=== Source data ===
------------------------------
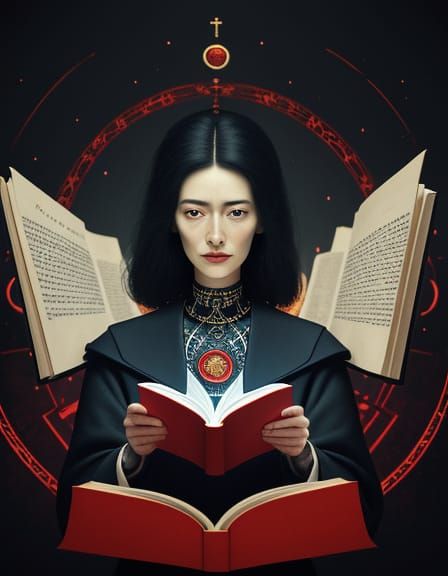 Surreal Woman of Letters on Book in Vivid Colors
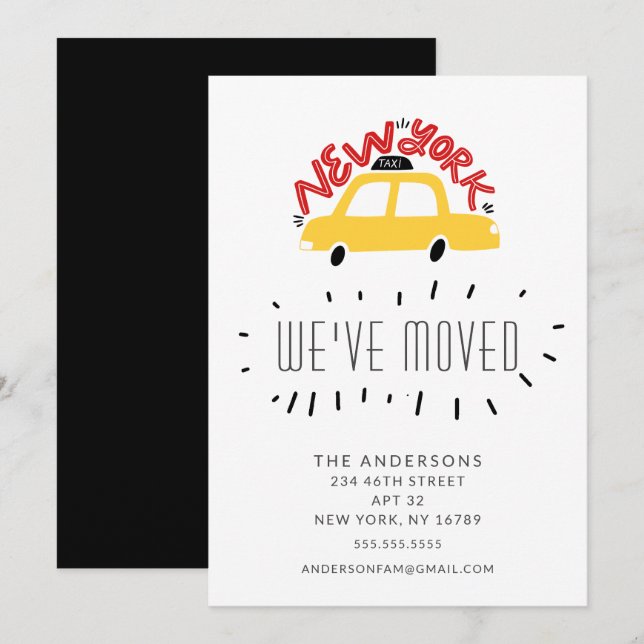 Fun New York Yellow Cab Moving Announcement Card (Front/Back)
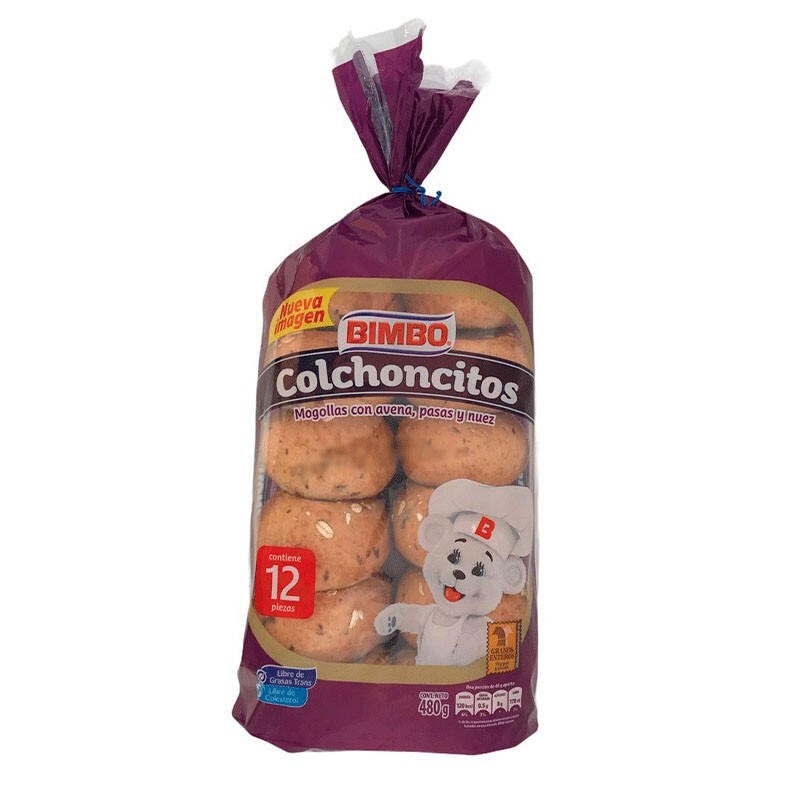 Mogollas Colchoncitos Bimbo con Avena, Pasas y Nuez 12 Und 480gr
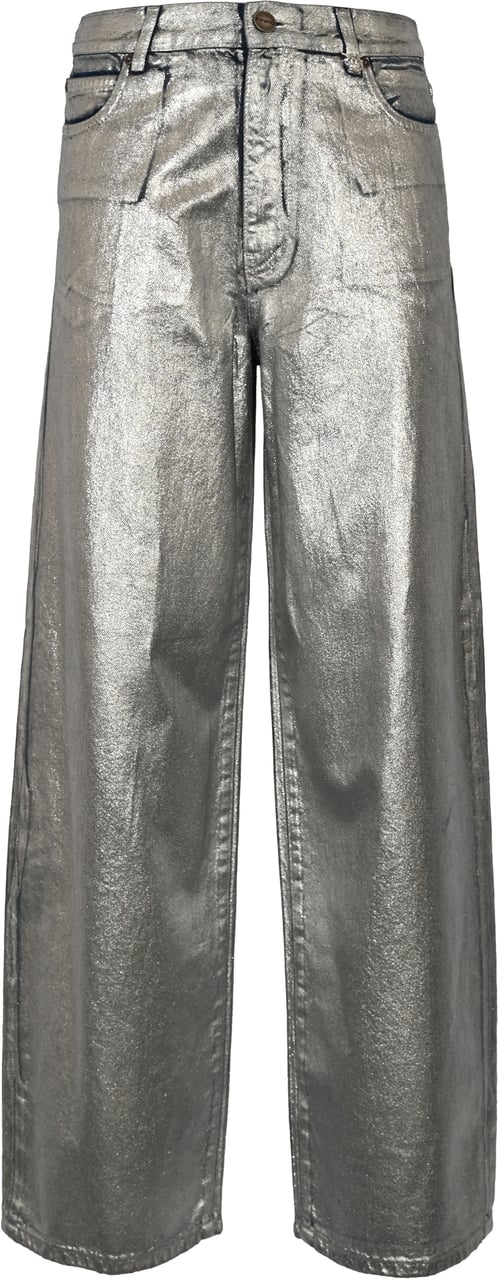 Pinko Trousers Argento Laminato Zilver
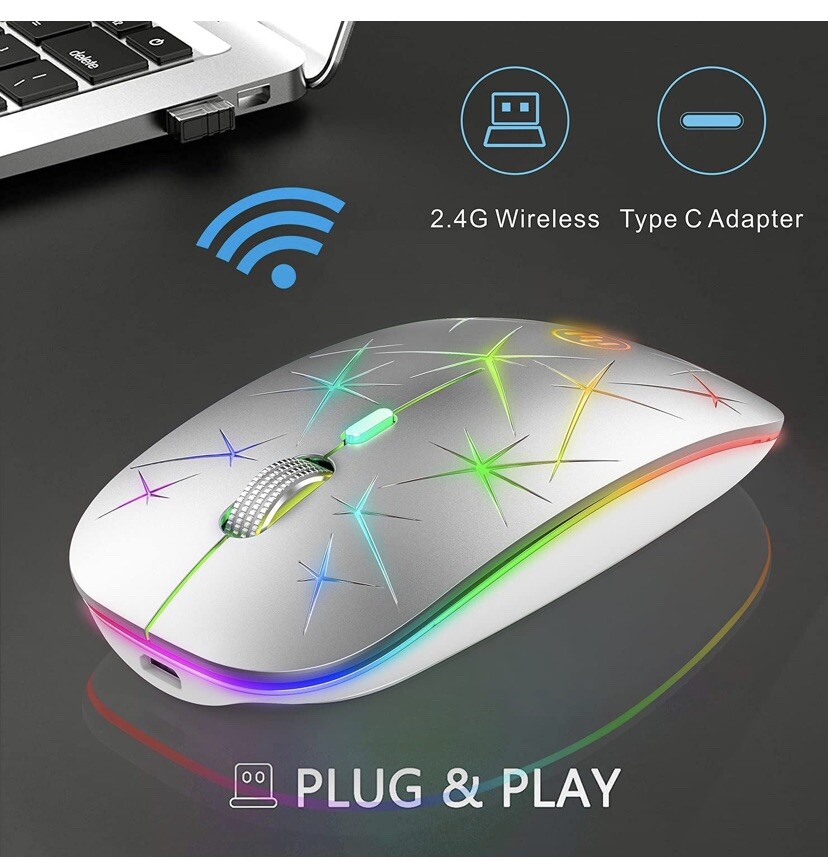 Souris Silencieuse Uiosmuph U19 LED Rechargeable pour Bureau - 2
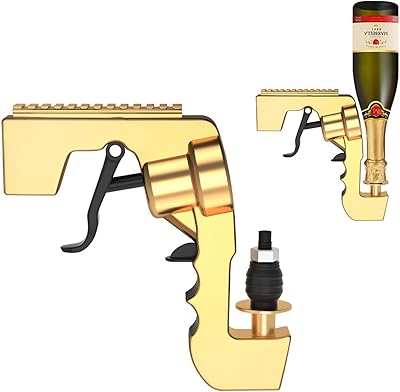 Arroseur de pistolet à bulles couleur champagne avec bouchon de champagne, bouteille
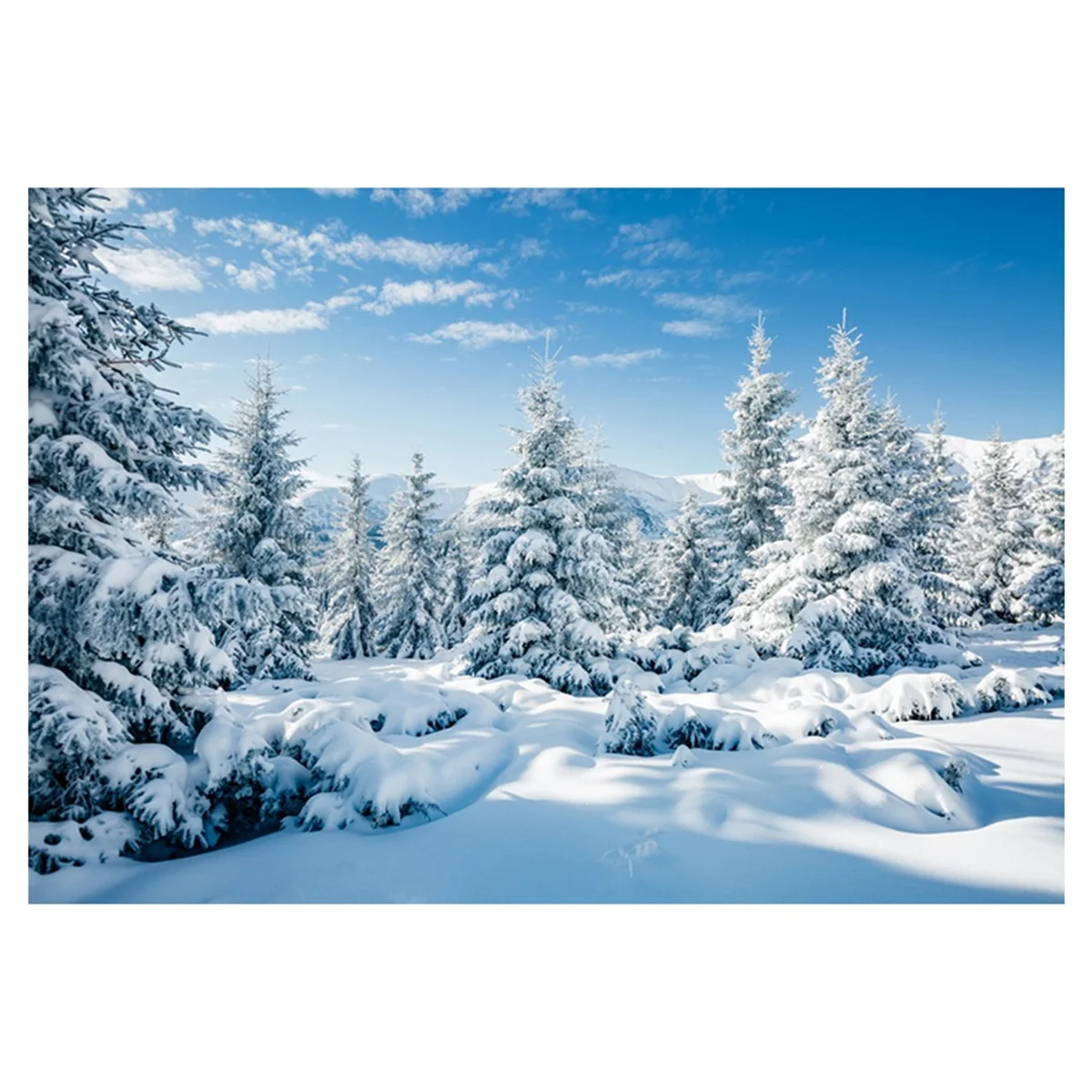 

210X150Cm Winter Snow Background Cloth Snowflake Christmas Tree Glitter White Forest Party Photography Backdrops, E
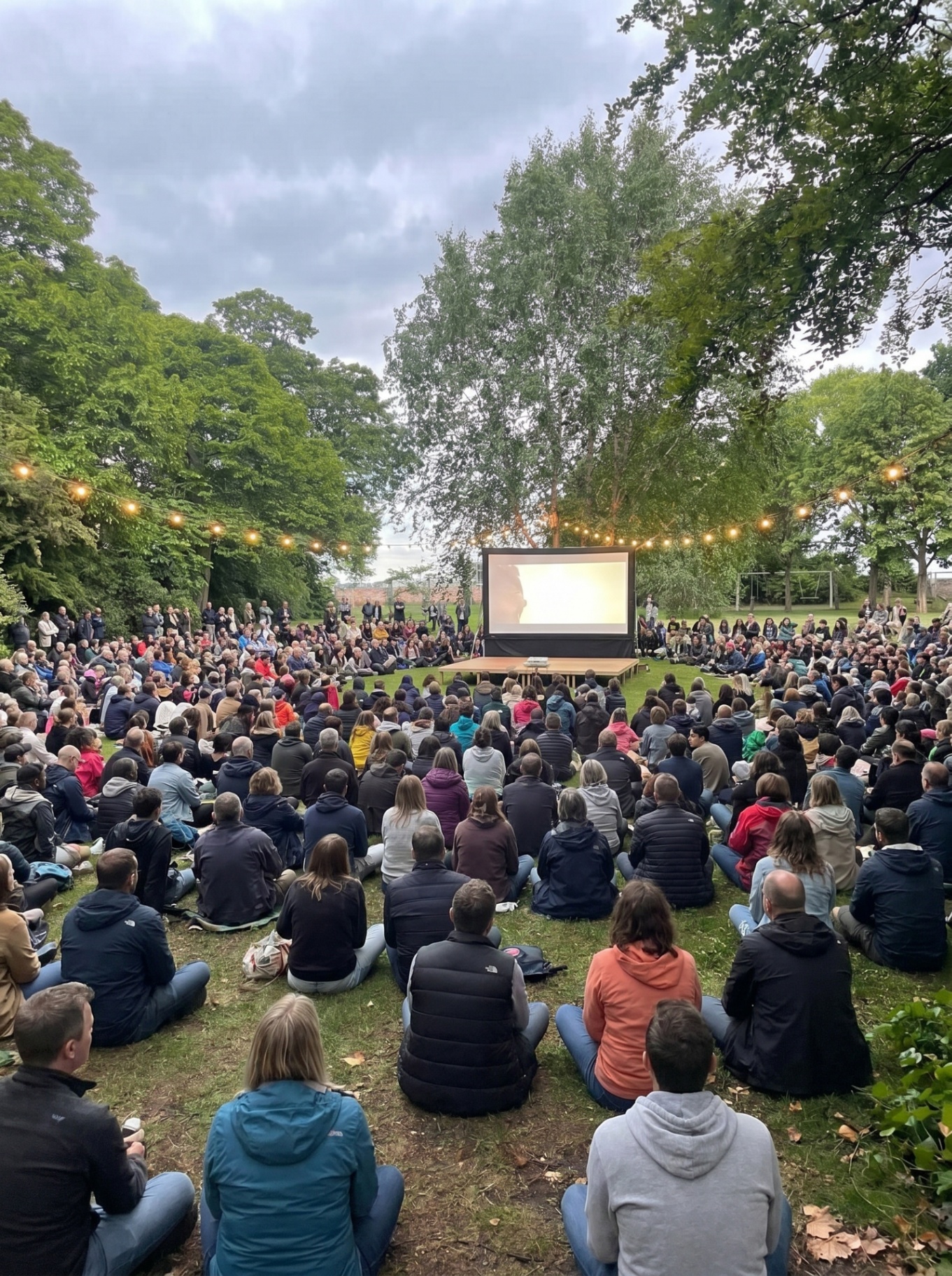 Community outdoor cinema event in Kinburn Park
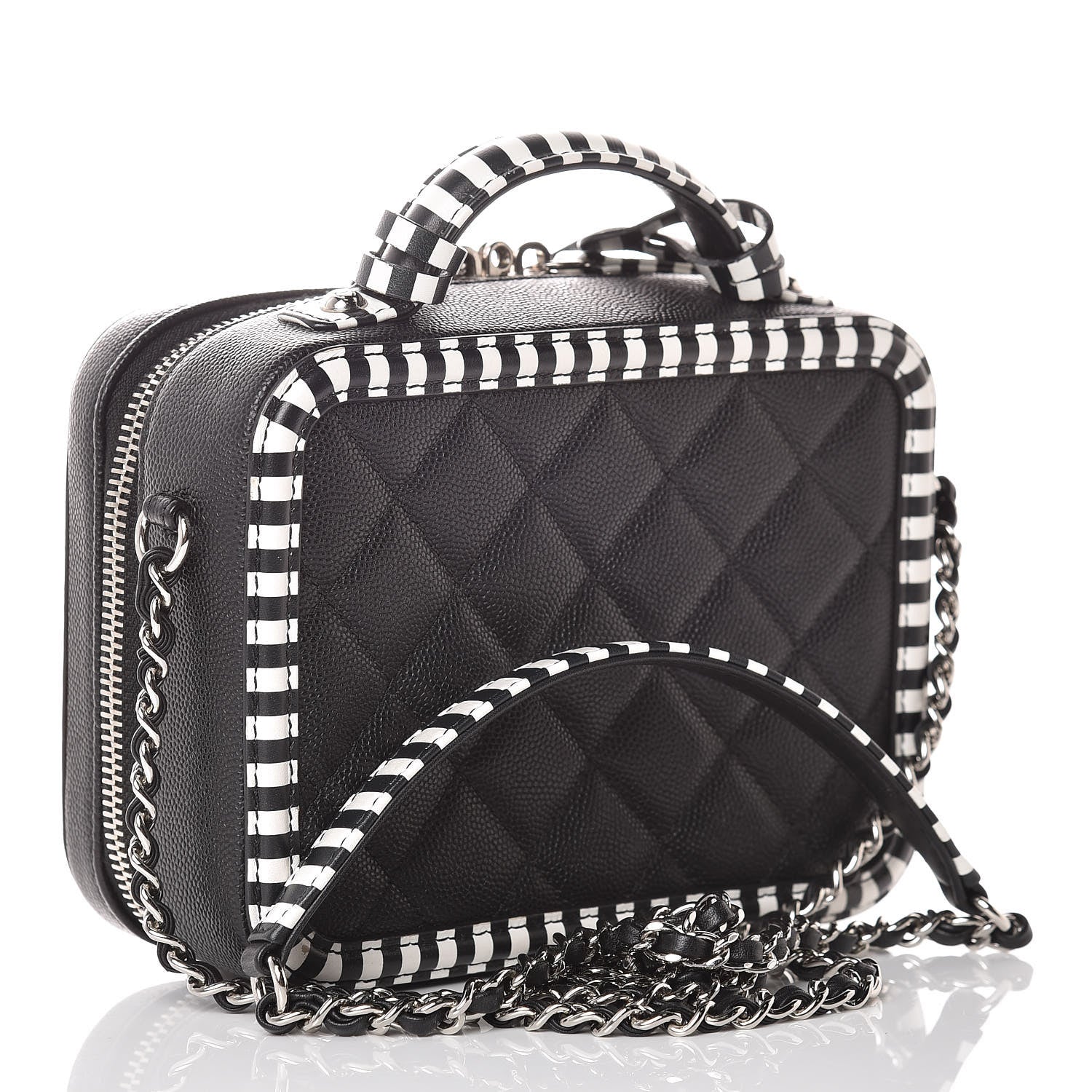 Chanel Caviar Quilted Striped Small CC Filigree Vanity Case Black White 3 of 8
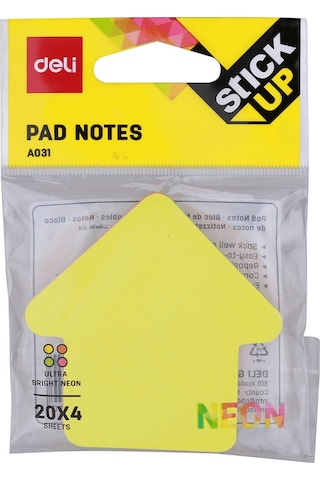 Deli Yapışkanlı Not Kağıdı 4x20yp Renk Ultra Neon A03102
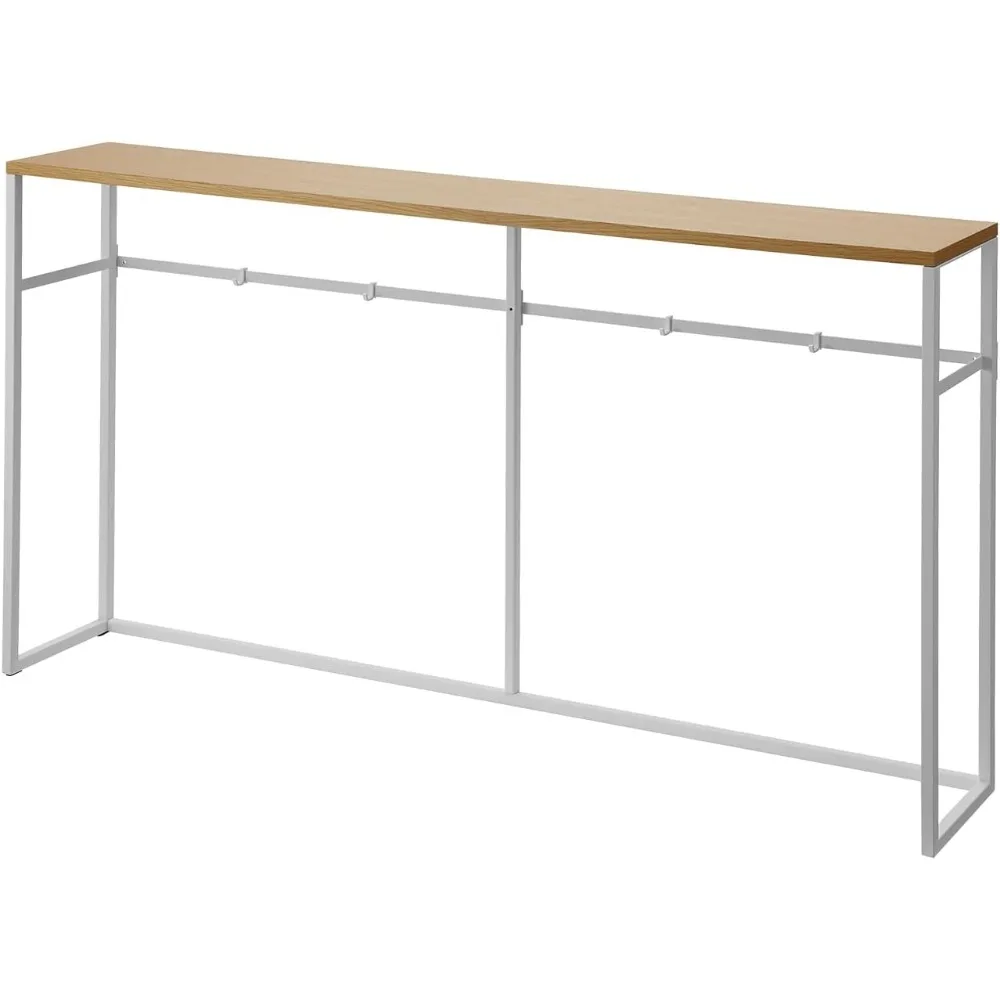 

Long Console Table For Entryway Or Hallways, Narrow Behind Sofa Table With Wooden Top - Open, 26 - Steel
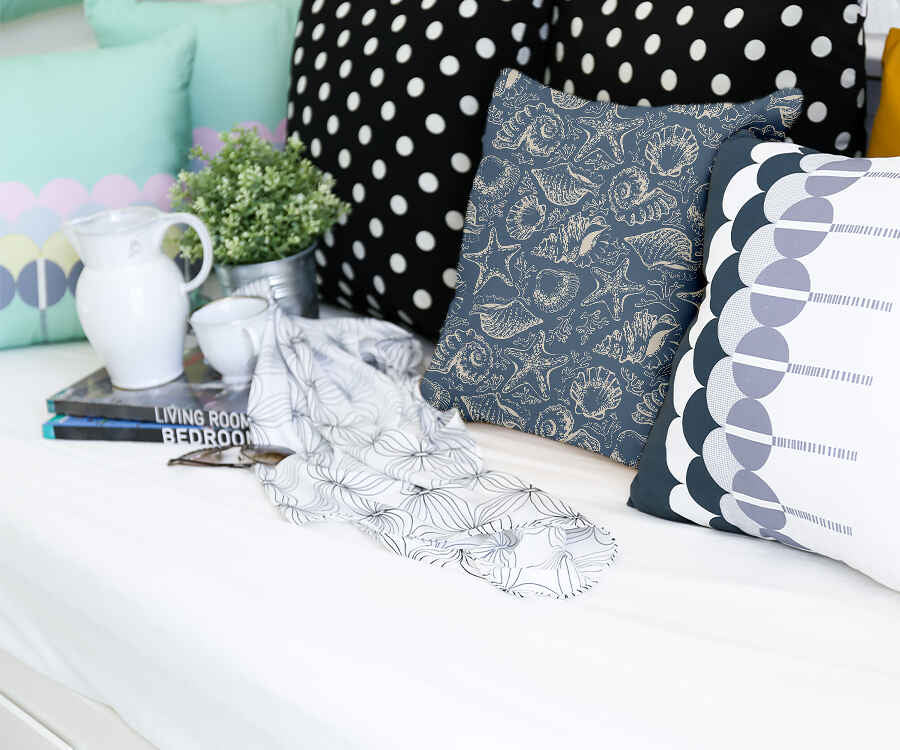 Gesundheitskissen Blau mit Muscheln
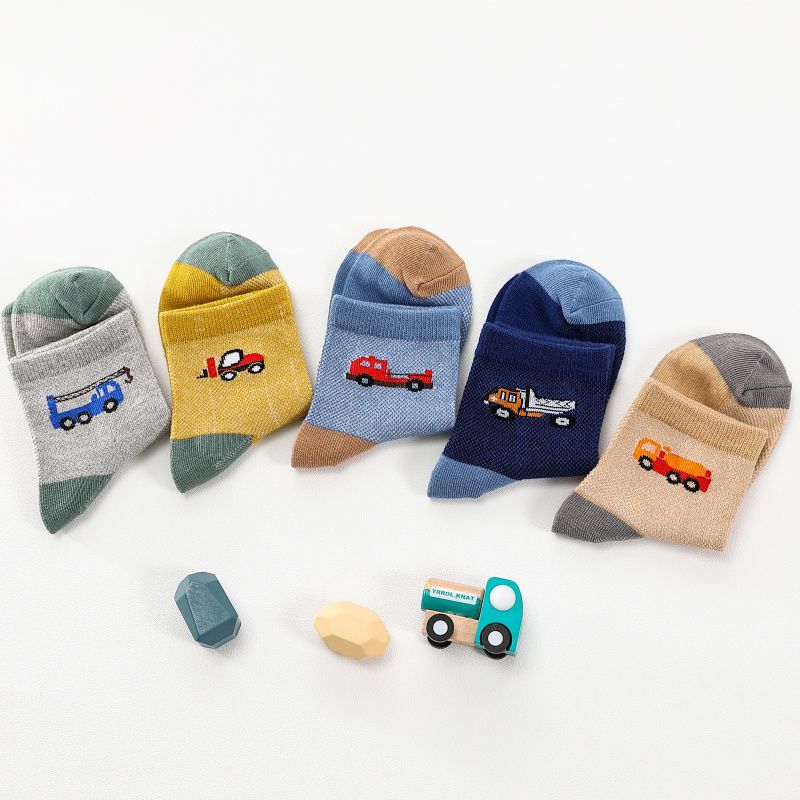 5 Paar Kinder Socken Niedlicher Cartoon Bär Jungen Mädchen Wintersocken Frühling Herbst Weiche Baumwolle Atmungsaktiv Sport Kinder Socken Babysocke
------------------------------
=== What to produce ===
Copy exactly the lines that run from the line containing "Deli Yapışkanlı Not" to the end of the data above, keeping both end lines and leaving out all pictures.

=== Expected answer ===
 Deli Yapışkanlı Not Kağıdı 4x20yp Renk Ultra Neon A03102

Long Console Table For Entryway Or Hallways, Narrow Behind Sofa Table With Wooden Top - Open, 26 - Steel
 Gesundheitskissen Blau mit Muscheln
 5 Paar Kinder Socken Niedlicher Cartoon Bär Jungen Mädchen Wintersocken Frühling Herbst Weiche Baumwolle Atmungsaktiv Sport Kinder Socken Babysocke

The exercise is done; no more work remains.